A textbook description of history matching could indicate that it is a process wherein changes are made to an initial geologic model of a reservoir, so that the predicted reservoir performance matches with the known production history. A practitioner recognizes that this is an overly simplistic description:
Does not recognize subsurface uncertainty and how we may explore this uncertainty with multiple geologic models.
Offers no guidance on the requirements of spatial resolution, and how this choice may vary depending the stage of field life or reservoir processes, e.g., a pressure history match versus the modeling of a secondary or tertiary process.
Offers no guidance on the nature of the geologic model: its characteristics, its level of detail, or its structure.
Provides no description of the history matching process itself, nor the choices available to a practitioner.
We have been supplied with the historical field data for a deepwater turbidite reservoir, which is still under active development. We have used this reservoir to explore a number of history matching strategies. This project involved an integrated seismic to simulation study, wherein we interpreted the seismic data, assembled the geological information, performed petrophysical log evaluation and well test pressure transient analysis before creating the 3D geologic model.

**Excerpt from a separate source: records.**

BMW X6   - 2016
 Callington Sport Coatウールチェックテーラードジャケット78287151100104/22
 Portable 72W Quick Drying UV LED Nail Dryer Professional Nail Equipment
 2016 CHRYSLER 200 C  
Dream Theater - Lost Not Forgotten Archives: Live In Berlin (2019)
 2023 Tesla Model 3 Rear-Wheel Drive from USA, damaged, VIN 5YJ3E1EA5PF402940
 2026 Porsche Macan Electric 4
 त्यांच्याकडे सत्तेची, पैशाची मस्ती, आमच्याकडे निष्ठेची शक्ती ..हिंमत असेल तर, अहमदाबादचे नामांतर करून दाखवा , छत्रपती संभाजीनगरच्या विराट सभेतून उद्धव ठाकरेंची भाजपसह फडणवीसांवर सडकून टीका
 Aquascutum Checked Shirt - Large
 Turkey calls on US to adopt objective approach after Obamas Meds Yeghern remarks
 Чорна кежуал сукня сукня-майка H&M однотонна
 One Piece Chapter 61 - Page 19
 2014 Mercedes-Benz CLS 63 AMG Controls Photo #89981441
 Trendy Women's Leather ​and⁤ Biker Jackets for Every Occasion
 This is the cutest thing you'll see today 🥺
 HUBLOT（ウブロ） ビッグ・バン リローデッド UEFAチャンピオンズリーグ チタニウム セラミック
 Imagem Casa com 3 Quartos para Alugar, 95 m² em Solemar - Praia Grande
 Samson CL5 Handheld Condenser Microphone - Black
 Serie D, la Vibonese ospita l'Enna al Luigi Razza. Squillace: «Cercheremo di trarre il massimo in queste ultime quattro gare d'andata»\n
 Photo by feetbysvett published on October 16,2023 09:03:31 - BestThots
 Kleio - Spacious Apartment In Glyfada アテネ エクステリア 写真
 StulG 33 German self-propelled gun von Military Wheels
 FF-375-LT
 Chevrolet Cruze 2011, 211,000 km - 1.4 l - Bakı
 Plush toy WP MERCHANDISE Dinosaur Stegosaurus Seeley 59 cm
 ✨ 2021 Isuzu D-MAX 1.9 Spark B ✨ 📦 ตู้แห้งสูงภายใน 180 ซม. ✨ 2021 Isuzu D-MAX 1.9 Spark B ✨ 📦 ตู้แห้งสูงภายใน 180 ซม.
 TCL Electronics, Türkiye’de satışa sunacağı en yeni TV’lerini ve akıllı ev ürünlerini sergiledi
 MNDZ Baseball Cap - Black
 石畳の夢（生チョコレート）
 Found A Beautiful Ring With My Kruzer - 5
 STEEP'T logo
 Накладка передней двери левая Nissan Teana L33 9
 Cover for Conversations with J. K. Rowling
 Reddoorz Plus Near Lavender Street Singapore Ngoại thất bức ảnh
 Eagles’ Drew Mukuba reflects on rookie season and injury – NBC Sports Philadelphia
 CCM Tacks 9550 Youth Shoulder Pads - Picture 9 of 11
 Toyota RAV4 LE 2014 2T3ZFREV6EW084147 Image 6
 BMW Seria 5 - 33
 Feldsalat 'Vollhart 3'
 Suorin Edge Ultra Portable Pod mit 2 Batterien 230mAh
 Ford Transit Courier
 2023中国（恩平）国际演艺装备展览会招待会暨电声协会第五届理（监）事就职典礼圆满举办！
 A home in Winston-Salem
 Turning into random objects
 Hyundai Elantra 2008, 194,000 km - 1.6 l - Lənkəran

In the matching process we examined the trade-off between exploring a wide number of models versus calibrating a single model. We examined the scale at which the geologic model was constructed, and how the scale of simulation could be determined. Finally, we studied both the large discrete steps in the process, and the smaller local "assisted" parameter calibration. The results provide general guidance on workflow sequence, guidance on model selection, and guidance on the scales of static and dynamic modeling. We expect many of these conclusions to have general utility, not restricted to this specific study.